Pictures excluded, retype the lines from the one containing "Hợp tác xã Bách" through the last line of the data below, both included.

* Collected material:
====

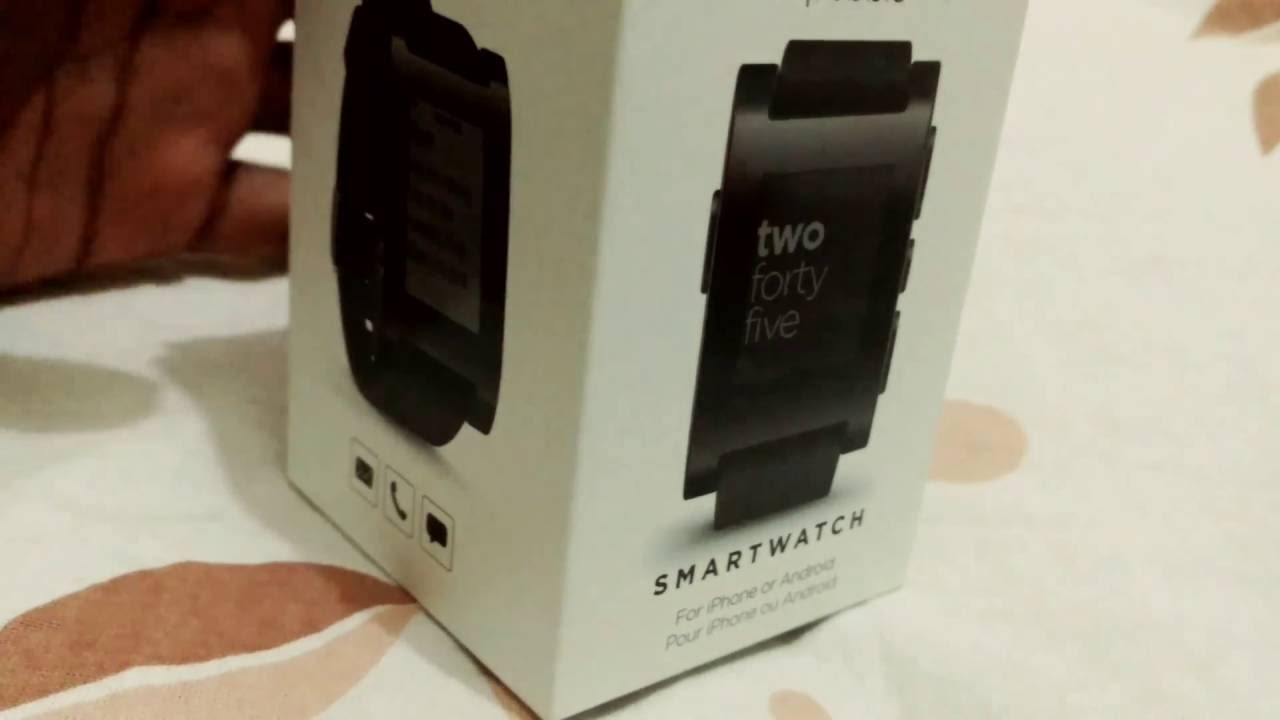 Pebble Classic 301BL -  REVIEW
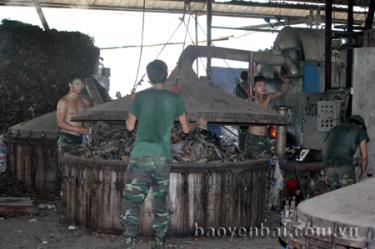 Hợp tác xã Bách Lâm có nhà máy chiết xuất tinh dầu quế tại xã Xuân Tầm, công suất 100 tấn/năm.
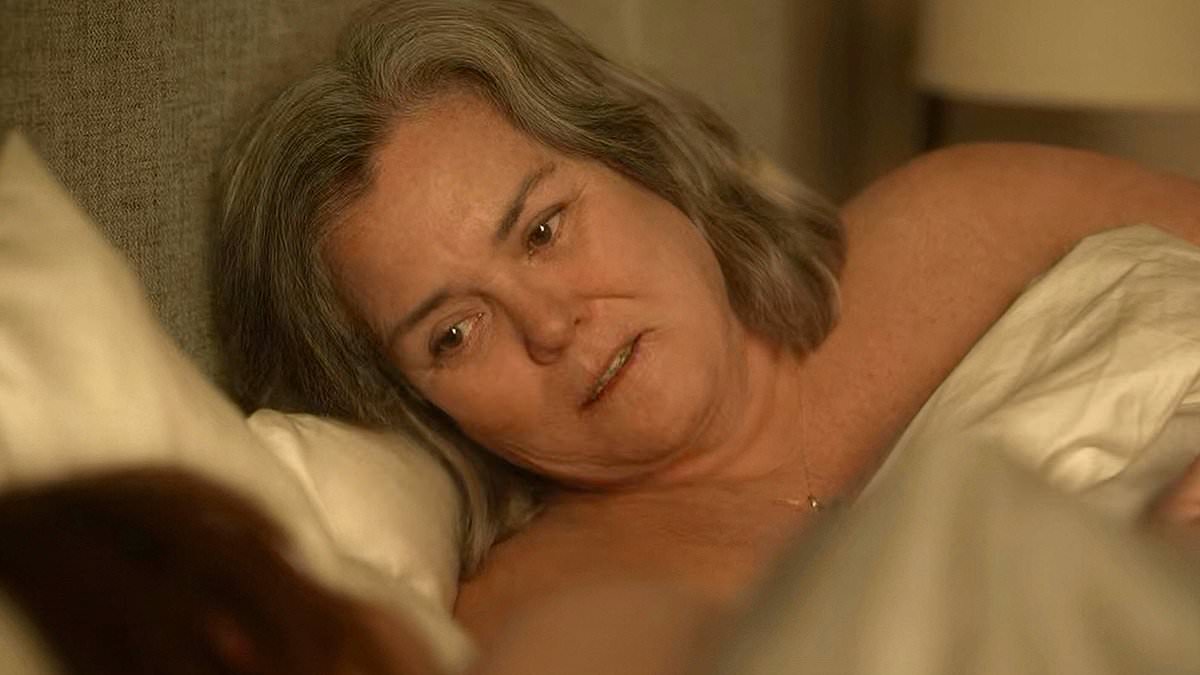 And Just Like That fans stunned by Miranda's lesbian sex scene with virgin nun played by Rosie O'Donnell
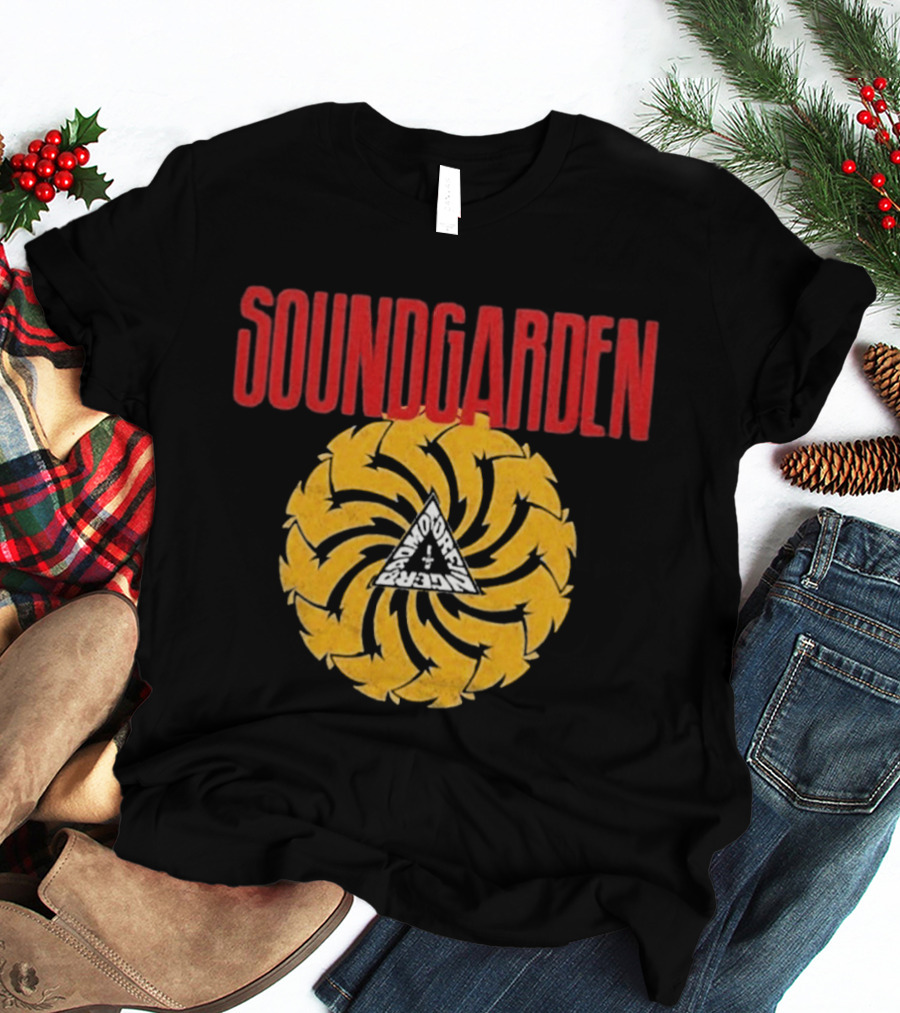 Ben Stiller Focker In Law Greg Focker Soundgarden Spiral Triangular T-Shirt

====

* Task result:
 Hợp tác xã Bách Lâm có nhà máy chiết xuất tinh dầu quế tại xã Xuân Tầm, công suất 100 tấn/năm.
 And Just Like That fans stunned by Miranda's lesbian sex scene with virgin nun played by Rosie O'Donnell
 Ben Stiller Focker In Law Greg Focker Soundgarden Spiral Triangular T-Shirt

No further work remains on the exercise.